──────── Extracted records ────────
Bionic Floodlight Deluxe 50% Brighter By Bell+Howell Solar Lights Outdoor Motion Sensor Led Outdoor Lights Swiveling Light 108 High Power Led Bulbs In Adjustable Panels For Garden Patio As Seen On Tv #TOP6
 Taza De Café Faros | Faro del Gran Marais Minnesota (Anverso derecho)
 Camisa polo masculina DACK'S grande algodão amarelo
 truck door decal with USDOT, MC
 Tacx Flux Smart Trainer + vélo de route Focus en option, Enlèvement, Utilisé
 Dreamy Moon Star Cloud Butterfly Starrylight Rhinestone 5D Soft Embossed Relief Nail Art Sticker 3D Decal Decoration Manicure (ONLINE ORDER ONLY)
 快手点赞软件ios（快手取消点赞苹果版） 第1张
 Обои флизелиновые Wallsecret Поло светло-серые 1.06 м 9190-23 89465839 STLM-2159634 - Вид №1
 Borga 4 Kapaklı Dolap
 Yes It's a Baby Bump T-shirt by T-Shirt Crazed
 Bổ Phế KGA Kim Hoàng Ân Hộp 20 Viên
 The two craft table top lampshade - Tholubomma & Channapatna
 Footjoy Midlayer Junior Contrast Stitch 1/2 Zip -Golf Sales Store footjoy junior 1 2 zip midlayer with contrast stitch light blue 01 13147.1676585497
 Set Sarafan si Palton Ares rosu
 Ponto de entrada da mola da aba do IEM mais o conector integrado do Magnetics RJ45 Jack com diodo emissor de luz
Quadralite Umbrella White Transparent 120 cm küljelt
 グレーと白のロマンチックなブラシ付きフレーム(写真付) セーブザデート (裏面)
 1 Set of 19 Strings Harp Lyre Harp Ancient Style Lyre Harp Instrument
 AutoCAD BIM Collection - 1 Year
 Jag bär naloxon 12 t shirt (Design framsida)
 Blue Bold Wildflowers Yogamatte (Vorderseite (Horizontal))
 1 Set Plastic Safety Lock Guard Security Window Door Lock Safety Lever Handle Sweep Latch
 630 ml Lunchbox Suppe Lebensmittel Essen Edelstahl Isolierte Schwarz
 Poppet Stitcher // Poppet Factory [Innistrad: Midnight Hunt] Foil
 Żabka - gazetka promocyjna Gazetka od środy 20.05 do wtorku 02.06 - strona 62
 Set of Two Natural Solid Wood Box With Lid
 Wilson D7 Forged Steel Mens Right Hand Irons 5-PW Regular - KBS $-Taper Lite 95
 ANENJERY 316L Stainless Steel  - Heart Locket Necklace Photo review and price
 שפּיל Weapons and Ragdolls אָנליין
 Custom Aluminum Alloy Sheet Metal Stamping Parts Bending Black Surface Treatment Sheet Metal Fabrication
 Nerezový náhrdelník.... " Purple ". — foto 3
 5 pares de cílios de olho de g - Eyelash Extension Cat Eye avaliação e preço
────────
What you have to do ▸ Looking at the entries above, can you reproduce exactly the lines from the one that holds "1 Set Plastic" through the one that holds "Wilson D7 Forged", and only those?

Finished task ▸
 1 Set Plastic Safety Lock Guard Security Window Door Lock Safety Lever Handle Sweep Latch
 630 ml Lunchbox Suppe Lebensmittel Essen Edelstahl Isolierte Schwarz
 Poppet Stitcher // Poppet Factory [Innistrad: Midnight Hunt] Foil
 Żabka - gazetka promocyjna Gazetka od środy 20.05 do wtorku 02.06 - strona 62
 Set of Two Natural Solid Wood Box With Lid
 Wilson D7 Forged Steel Mens Right Hand Irons 5-PW Regular - KBS $-Taper Lite 95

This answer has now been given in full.